* [PROBLEM STATEMENT]:
A faithful, word-for-word copy of the data below is required, without pictures.

* [DATA EXTRACT]:
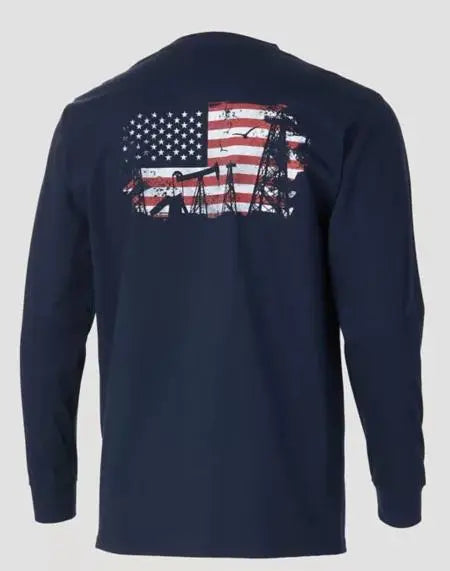 WRANGLER - FR Long Sleeve Graphic T-Shirt, Navy Flag - Becker Safety and Supply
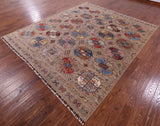 Turkmen Ersari Handmade Wool Rug - 8' 2" X 9' 6" - Golden Nile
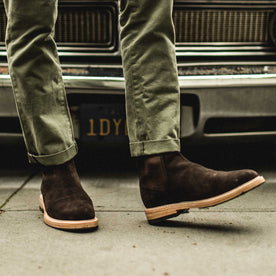 The Ranch Boot in Weatherproof Chocolate Suede: Alternate Image 3, Footwear by Taylor Stitch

* [TASK RESPONSE]:
 WRANGLER - FR Long Sleeve Graphic T-Shirt, Navy Flag - Becker Safety and Supply
 Turkmen Ersari Handmade Wool Rug - 8' 2" X 9' 6" - Golden Nile
 The Ranch Boot in Weatherproof Chocolate Suede: Alternate Image 3, Footwear by Taylor Stitch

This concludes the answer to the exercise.